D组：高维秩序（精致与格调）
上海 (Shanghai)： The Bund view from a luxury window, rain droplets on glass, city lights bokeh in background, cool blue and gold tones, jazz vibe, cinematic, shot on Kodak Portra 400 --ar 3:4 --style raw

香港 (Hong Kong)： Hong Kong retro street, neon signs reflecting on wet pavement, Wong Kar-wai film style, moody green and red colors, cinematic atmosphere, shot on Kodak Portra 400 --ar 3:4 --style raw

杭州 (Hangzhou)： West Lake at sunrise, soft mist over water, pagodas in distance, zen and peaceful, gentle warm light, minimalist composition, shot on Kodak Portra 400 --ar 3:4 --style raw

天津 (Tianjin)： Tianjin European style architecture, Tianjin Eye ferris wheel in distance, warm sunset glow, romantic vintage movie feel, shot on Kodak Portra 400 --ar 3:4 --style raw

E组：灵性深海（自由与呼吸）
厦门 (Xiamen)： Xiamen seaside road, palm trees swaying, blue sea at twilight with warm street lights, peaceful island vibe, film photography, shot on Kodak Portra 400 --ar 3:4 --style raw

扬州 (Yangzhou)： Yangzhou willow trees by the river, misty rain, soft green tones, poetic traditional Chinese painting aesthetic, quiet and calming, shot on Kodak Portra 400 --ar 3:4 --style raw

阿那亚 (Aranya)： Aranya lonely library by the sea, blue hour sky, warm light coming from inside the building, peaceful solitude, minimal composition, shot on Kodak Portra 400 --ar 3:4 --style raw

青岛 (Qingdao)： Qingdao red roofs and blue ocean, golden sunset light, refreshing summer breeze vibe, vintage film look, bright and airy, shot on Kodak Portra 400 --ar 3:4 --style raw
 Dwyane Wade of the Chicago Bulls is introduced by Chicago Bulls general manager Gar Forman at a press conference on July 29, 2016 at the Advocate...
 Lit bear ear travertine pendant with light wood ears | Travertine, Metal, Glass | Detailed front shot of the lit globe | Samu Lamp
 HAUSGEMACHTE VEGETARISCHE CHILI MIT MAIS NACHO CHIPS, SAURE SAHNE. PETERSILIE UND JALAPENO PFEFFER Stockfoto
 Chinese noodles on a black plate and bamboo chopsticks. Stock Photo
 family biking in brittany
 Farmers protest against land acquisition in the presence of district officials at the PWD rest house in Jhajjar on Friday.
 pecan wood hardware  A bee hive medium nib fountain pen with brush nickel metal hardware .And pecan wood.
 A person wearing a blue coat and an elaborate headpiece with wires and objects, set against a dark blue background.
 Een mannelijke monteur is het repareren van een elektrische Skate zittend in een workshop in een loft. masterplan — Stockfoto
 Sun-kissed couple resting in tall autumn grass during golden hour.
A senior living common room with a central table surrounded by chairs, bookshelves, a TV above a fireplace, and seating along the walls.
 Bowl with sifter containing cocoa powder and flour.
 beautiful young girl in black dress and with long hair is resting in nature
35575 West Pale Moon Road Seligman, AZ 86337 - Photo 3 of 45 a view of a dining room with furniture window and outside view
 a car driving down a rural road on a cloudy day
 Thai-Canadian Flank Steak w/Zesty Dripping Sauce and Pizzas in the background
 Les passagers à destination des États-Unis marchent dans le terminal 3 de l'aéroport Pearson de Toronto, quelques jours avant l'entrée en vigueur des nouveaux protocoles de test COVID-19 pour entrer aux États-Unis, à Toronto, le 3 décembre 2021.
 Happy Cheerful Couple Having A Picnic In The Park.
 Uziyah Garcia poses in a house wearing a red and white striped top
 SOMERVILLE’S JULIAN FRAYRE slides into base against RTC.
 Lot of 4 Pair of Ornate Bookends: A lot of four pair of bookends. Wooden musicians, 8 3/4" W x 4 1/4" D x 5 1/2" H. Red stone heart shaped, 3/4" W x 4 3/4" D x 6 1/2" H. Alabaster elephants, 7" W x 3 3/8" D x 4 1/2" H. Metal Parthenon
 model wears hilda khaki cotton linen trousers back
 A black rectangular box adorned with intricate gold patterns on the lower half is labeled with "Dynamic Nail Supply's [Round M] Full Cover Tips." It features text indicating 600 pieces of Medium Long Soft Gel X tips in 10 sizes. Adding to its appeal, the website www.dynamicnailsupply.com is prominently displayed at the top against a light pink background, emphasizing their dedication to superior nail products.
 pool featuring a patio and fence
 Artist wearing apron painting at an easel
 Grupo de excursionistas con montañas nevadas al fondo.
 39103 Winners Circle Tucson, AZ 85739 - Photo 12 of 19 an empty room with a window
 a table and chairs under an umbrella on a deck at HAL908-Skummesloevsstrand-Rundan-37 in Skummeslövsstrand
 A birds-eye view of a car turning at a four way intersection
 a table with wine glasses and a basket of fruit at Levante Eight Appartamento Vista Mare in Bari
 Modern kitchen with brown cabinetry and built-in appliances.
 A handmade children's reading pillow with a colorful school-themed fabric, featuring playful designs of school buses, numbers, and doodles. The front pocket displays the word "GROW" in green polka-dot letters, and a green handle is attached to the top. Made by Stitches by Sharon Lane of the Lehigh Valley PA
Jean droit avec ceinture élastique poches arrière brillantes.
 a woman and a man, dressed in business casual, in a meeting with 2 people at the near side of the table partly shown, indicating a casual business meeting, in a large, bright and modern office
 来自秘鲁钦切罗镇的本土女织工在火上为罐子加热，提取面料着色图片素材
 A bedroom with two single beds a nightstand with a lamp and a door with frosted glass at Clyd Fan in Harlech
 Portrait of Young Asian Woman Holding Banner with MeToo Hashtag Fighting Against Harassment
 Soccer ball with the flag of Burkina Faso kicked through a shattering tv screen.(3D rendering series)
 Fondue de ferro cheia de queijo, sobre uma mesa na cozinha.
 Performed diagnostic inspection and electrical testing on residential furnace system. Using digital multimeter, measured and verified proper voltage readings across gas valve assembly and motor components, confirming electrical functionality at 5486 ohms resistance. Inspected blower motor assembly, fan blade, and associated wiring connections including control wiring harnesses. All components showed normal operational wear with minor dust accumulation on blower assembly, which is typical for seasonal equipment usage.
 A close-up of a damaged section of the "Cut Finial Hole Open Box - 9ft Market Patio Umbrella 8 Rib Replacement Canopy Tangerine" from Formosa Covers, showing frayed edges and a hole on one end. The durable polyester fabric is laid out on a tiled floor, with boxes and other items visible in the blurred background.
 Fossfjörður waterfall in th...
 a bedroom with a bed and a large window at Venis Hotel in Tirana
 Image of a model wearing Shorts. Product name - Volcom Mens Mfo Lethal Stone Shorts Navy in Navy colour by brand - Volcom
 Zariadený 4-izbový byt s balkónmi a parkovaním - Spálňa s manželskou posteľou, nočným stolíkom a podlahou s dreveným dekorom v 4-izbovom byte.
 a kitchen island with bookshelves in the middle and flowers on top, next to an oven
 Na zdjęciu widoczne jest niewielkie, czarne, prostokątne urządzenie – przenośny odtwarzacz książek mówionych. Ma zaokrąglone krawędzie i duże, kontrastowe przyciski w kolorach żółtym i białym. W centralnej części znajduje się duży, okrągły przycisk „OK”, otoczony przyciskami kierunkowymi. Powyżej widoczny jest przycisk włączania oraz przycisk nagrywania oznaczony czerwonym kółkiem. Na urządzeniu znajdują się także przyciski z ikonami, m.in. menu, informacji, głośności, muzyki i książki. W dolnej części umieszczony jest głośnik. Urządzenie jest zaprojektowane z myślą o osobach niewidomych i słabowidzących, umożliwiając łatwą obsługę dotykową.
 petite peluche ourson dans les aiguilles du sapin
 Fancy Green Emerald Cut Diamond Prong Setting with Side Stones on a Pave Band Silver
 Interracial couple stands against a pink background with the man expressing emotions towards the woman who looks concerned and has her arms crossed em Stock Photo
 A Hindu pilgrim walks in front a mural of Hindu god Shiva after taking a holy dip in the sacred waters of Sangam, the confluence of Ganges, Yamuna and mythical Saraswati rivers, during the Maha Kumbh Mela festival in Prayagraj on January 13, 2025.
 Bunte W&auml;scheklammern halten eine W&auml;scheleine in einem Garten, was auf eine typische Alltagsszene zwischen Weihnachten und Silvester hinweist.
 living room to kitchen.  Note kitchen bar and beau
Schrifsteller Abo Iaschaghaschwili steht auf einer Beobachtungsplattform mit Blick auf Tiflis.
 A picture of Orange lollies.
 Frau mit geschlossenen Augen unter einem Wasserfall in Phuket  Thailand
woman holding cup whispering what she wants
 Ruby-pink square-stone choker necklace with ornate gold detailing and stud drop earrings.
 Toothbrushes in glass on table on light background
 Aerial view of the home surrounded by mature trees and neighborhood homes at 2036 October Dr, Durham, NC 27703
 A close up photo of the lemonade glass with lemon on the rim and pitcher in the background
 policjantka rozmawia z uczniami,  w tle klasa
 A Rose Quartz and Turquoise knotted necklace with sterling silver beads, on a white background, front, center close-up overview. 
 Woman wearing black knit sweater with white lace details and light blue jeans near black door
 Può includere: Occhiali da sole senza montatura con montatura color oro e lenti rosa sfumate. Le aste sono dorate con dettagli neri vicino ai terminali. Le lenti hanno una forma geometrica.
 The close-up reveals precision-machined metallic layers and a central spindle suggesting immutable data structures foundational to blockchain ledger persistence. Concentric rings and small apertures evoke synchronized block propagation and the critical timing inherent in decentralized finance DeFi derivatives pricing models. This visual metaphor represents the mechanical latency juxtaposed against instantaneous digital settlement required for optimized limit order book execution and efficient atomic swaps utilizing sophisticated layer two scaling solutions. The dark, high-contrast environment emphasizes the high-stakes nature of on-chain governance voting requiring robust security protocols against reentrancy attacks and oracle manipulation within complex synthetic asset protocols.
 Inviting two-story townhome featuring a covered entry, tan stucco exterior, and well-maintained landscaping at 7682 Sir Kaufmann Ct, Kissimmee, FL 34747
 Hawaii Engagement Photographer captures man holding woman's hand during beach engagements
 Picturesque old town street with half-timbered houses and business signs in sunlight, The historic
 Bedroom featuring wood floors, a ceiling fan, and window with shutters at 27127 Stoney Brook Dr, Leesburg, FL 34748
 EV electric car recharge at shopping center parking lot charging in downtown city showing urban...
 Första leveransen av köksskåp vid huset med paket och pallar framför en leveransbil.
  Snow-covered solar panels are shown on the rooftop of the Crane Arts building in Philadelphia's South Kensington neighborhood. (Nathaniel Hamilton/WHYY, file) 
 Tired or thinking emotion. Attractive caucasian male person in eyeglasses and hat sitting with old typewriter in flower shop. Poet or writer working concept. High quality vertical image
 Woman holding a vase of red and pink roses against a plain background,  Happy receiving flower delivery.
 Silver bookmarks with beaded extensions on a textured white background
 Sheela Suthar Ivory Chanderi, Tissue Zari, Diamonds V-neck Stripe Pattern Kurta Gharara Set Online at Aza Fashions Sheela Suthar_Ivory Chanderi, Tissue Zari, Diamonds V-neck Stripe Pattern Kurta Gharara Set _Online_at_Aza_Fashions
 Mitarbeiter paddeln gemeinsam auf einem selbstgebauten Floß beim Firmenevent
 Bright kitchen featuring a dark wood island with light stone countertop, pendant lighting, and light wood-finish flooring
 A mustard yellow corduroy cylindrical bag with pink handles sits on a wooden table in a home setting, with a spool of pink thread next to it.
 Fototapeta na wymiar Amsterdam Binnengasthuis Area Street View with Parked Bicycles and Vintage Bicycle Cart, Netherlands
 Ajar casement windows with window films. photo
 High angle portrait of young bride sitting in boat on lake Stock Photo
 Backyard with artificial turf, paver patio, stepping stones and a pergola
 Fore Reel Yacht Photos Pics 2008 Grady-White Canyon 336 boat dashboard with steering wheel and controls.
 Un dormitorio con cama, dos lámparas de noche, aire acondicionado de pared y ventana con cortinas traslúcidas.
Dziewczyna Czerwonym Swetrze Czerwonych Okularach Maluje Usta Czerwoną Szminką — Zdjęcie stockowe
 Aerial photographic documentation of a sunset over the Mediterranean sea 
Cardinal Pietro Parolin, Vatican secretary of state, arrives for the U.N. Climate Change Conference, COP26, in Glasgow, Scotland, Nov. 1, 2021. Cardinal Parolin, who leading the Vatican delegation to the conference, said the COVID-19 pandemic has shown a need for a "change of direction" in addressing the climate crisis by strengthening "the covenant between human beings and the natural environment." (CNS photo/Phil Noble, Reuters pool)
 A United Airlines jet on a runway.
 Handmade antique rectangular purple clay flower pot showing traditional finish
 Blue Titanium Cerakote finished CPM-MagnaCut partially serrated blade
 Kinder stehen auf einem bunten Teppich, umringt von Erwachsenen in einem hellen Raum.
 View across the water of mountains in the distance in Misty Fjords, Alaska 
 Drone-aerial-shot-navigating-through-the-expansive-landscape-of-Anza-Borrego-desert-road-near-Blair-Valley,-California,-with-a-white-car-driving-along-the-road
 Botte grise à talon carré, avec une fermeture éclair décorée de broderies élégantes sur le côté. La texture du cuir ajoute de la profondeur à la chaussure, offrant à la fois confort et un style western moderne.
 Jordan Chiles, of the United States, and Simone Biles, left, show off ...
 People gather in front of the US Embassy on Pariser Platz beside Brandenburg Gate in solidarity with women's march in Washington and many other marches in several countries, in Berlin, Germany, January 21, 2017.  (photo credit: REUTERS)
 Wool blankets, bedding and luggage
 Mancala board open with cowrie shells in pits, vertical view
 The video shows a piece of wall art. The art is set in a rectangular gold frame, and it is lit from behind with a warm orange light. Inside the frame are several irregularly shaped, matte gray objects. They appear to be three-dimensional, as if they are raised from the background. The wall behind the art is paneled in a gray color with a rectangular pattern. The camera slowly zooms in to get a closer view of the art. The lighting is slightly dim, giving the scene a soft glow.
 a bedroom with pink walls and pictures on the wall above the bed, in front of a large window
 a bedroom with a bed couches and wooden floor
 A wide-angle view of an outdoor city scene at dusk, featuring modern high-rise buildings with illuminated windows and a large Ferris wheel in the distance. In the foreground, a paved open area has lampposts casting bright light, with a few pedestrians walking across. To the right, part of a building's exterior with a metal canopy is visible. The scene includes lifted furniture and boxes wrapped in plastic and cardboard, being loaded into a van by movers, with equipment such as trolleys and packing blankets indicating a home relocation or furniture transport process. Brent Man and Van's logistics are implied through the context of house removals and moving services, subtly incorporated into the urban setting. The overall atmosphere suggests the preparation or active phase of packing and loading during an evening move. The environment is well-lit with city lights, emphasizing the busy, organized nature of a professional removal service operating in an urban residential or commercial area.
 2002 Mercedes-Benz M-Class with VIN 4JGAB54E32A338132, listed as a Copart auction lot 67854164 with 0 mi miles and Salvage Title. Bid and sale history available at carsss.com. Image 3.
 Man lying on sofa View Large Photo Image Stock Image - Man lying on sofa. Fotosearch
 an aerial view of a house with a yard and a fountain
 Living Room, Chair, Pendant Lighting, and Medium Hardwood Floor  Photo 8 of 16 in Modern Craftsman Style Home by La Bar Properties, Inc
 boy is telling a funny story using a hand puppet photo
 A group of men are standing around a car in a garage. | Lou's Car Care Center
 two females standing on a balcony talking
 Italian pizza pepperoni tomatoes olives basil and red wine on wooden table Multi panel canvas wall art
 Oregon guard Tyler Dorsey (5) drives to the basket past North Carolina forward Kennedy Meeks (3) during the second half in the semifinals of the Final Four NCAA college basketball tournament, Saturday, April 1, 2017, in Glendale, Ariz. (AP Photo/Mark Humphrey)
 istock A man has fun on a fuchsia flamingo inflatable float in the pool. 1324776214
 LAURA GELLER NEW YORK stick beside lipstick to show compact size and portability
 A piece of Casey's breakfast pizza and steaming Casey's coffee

Task details
Among the lines of the material above, find those with the word "person". Copy each one.

Response to this task
 A person wearing a blue coat and an elaborate headpiece with wires and objects, set against a dark blue background.
 Tired or thinking emotion. Attractive caucasian male person in eyeglasses and hat sitting with old typewriter in flower shop. Poet or writer working concept. High quality vertical image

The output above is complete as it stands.